◆ **RECORDED DATA**
____

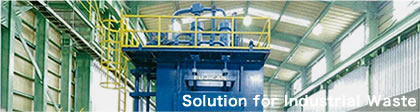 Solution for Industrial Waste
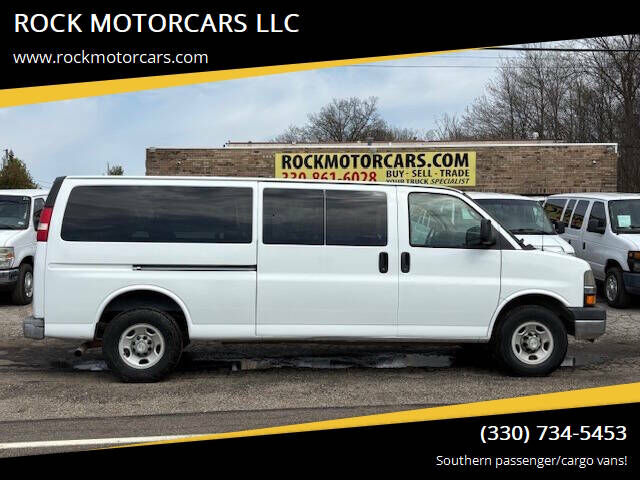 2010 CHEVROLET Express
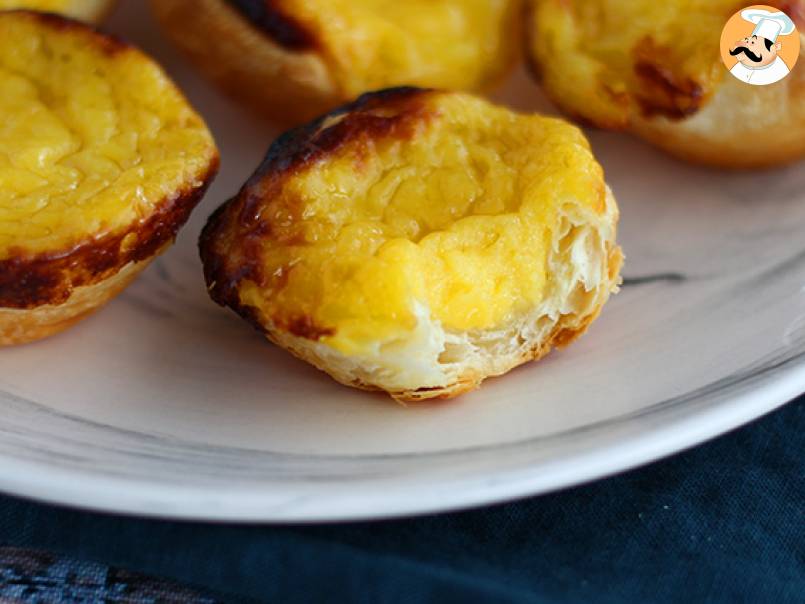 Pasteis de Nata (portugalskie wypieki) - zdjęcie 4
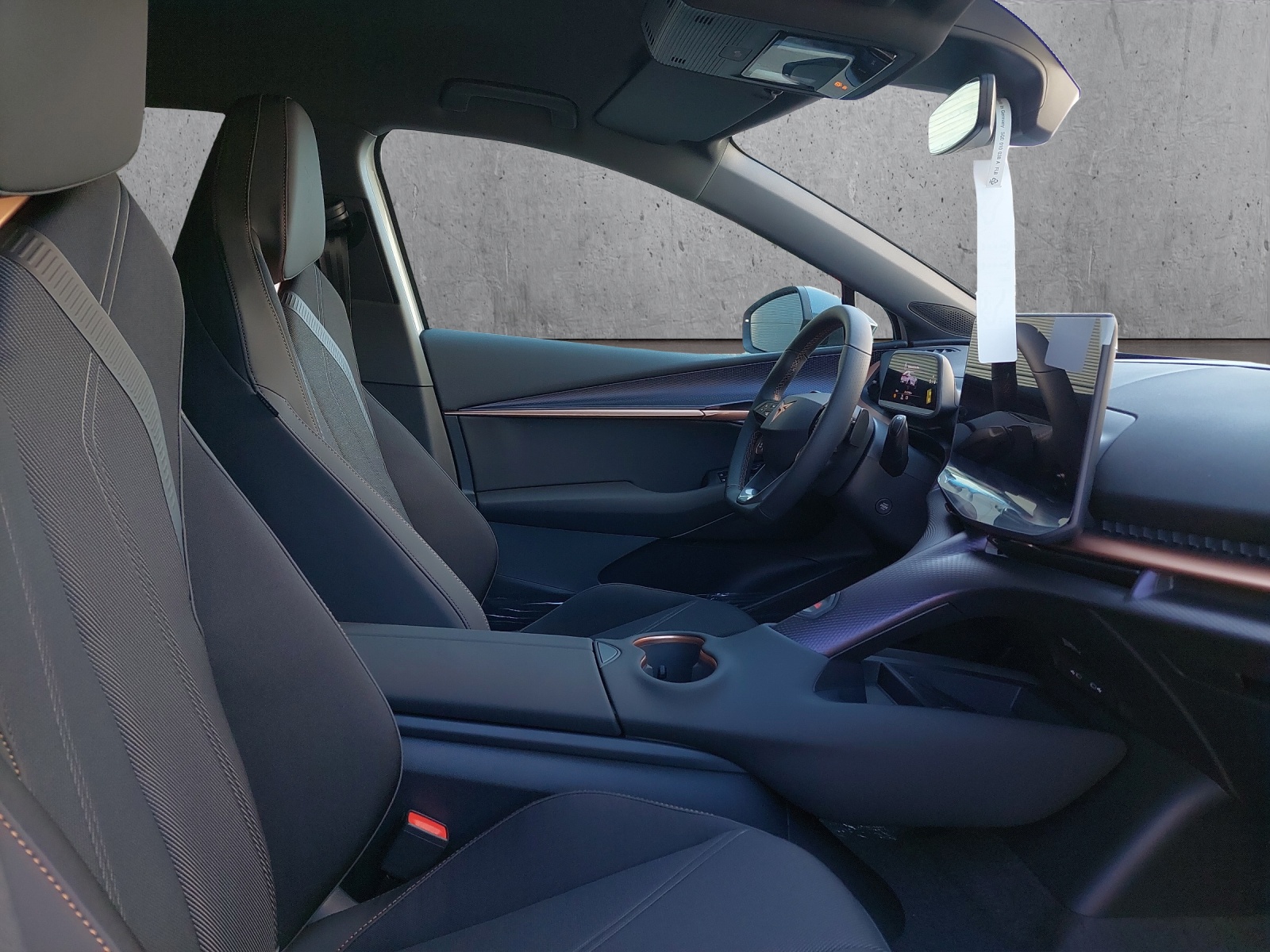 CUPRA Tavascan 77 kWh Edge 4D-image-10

____

◆ **WHAT IS BEING ASKED**
Everything in the listing is to be returned word for word, except the pictures.

◆ **ANSWER SPACE**
 Solution for Industrial Waste
 2010 CHEVROLET Express
 Pasteis de Nata (portugalskie wypieki) - zdjęcie 4
 CUPRA Tavascan 77 kWh Edge 4D-image-10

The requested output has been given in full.